§ Exercise materials
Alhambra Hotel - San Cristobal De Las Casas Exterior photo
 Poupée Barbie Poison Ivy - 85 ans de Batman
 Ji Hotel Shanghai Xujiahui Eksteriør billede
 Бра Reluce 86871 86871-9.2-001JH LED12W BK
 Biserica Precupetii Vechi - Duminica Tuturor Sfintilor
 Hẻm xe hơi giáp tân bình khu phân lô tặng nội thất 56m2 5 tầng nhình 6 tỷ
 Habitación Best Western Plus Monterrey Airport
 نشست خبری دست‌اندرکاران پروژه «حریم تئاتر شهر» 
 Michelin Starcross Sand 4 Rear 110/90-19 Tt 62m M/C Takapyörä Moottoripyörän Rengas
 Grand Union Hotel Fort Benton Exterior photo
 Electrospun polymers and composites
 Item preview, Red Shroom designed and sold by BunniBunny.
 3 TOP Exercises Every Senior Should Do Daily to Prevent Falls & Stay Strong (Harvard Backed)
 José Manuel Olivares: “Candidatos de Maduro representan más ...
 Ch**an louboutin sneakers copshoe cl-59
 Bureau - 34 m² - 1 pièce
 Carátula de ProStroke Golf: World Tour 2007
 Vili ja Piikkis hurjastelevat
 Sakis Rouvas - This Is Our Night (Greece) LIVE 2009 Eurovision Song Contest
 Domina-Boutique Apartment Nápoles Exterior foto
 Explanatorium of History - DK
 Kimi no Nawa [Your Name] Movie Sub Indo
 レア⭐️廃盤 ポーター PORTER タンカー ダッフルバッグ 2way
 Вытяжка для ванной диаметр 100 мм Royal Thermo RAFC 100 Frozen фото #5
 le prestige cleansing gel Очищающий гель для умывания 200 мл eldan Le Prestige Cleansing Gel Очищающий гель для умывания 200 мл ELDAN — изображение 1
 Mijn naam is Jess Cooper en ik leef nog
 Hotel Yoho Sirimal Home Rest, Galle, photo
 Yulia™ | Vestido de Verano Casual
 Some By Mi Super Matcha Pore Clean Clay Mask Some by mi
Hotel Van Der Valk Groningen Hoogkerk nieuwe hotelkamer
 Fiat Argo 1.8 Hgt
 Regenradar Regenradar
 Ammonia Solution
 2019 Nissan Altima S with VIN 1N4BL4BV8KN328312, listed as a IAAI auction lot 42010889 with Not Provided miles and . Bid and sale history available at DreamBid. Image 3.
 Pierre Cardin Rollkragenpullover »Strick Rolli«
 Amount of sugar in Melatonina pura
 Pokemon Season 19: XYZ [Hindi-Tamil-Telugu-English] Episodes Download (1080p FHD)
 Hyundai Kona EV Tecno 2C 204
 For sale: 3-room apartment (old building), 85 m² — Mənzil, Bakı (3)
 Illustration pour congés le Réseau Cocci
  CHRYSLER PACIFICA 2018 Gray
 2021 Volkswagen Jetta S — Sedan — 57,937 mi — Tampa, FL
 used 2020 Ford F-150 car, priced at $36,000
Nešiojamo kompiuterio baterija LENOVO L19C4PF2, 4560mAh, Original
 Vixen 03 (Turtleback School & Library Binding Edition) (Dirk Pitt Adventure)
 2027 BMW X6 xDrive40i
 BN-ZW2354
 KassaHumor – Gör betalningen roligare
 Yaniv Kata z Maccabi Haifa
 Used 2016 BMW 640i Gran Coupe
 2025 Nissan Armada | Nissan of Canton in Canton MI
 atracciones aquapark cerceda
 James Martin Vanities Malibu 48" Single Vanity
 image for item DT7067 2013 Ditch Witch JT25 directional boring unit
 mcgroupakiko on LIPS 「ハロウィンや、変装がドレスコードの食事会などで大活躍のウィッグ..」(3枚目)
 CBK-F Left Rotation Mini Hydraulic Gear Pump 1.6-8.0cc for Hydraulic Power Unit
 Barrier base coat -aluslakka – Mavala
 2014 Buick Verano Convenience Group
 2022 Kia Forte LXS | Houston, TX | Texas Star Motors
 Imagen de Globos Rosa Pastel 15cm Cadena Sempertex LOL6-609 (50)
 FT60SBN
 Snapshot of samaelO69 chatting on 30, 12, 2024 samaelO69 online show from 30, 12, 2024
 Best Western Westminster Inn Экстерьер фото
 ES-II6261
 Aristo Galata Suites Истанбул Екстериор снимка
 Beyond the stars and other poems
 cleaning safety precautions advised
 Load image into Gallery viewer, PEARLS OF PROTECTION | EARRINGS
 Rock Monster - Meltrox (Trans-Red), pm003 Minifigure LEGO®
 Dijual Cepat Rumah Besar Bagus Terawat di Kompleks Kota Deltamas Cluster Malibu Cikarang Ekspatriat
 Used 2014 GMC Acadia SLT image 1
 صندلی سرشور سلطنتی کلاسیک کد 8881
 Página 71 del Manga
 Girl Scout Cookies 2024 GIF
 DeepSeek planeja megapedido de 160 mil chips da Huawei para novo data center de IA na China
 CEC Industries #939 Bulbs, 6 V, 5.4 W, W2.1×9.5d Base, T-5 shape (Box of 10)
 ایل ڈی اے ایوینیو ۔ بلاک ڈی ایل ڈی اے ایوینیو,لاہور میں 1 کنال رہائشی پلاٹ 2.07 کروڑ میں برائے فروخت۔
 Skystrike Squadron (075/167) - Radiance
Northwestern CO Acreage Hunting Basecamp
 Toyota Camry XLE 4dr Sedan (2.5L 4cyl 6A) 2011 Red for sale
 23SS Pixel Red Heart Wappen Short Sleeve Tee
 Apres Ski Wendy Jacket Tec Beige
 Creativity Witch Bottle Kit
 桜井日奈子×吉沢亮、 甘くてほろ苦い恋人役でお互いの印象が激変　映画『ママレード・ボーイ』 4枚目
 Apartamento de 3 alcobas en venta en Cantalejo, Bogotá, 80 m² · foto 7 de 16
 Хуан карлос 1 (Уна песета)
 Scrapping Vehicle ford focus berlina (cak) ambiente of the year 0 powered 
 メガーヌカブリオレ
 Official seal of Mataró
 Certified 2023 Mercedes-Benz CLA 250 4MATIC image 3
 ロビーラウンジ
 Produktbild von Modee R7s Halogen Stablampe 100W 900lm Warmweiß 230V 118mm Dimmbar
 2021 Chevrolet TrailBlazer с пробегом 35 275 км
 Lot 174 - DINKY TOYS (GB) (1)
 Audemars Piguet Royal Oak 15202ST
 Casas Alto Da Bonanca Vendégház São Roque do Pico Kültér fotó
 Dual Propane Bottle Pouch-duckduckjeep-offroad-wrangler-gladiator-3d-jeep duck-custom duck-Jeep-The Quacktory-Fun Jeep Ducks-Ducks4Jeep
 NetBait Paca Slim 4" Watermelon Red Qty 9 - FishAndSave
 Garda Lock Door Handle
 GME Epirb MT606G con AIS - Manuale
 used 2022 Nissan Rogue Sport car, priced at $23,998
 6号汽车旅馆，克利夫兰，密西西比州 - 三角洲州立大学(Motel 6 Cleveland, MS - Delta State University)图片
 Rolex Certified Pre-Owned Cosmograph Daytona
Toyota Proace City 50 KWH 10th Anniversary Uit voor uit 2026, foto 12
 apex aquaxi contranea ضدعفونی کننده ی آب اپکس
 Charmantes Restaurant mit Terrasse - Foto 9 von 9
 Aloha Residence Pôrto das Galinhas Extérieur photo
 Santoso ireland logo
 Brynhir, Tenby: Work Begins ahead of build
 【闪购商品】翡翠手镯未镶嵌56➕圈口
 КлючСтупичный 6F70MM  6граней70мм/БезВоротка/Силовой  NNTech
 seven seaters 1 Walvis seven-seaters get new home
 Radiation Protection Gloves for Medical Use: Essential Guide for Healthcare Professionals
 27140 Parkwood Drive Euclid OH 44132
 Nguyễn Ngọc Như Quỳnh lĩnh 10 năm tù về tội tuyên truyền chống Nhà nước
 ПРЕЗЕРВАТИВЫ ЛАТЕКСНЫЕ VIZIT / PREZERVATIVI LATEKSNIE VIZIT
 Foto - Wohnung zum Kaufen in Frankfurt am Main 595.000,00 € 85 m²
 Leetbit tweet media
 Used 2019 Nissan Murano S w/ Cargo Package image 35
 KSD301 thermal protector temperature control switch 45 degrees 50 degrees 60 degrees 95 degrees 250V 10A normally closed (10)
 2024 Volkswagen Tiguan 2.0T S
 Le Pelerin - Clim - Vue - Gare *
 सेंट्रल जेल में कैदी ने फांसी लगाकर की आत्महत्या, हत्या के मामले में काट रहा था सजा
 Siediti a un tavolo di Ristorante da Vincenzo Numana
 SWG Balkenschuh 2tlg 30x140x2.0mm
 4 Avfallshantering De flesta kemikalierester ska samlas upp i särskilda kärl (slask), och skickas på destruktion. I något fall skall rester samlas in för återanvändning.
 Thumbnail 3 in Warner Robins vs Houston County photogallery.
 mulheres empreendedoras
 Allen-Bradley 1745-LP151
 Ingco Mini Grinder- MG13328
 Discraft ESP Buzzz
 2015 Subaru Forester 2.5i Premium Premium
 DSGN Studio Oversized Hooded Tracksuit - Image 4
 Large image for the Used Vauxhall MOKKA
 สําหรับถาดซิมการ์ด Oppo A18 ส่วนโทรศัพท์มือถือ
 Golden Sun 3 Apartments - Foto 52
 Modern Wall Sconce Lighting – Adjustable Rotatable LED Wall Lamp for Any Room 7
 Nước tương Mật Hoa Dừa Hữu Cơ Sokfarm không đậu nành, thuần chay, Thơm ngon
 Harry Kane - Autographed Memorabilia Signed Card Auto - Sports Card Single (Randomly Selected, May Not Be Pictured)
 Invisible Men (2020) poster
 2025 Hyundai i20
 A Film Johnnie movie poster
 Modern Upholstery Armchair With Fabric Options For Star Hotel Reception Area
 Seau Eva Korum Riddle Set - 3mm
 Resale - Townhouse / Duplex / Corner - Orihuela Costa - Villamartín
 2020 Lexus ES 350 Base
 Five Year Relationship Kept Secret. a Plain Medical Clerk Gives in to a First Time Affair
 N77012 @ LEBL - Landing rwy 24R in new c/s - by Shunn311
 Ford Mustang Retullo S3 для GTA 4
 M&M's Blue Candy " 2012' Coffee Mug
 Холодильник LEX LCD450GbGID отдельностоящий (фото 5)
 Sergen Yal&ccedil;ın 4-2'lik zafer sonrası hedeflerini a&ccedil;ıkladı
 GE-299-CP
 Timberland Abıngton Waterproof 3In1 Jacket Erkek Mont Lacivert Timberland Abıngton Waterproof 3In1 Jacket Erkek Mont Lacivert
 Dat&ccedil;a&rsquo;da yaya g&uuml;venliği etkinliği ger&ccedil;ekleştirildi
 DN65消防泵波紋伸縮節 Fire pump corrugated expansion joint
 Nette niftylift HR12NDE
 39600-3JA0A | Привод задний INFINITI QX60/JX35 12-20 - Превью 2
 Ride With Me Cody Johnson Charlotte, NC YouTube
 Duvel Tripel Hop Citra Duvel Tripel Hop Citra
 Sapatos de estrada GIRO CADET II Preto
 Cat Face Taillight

§ Requirement
Extract the lines of the preceding material that run from the line with "4 Avfallshantering De" through the line with "Discraft ESP Buzzz", inclusive, reproducing them exactly and adding nothing.

§ Response to this exercise
 4 Avfallshantering De flesta kemikalierester ska samlas upp i särskilda kärl (slask), och skickas på destruktion. I något fall skall rester samlas in för återanvändning.
 Thumbnail 3 in Warner Robins vs Houston County photogallery.
 mulheres empreendedoras
 Allen-Bradley 1745-LP151
 Ingco Mini Grinder- MG13328
 Discraft ESP Buzzz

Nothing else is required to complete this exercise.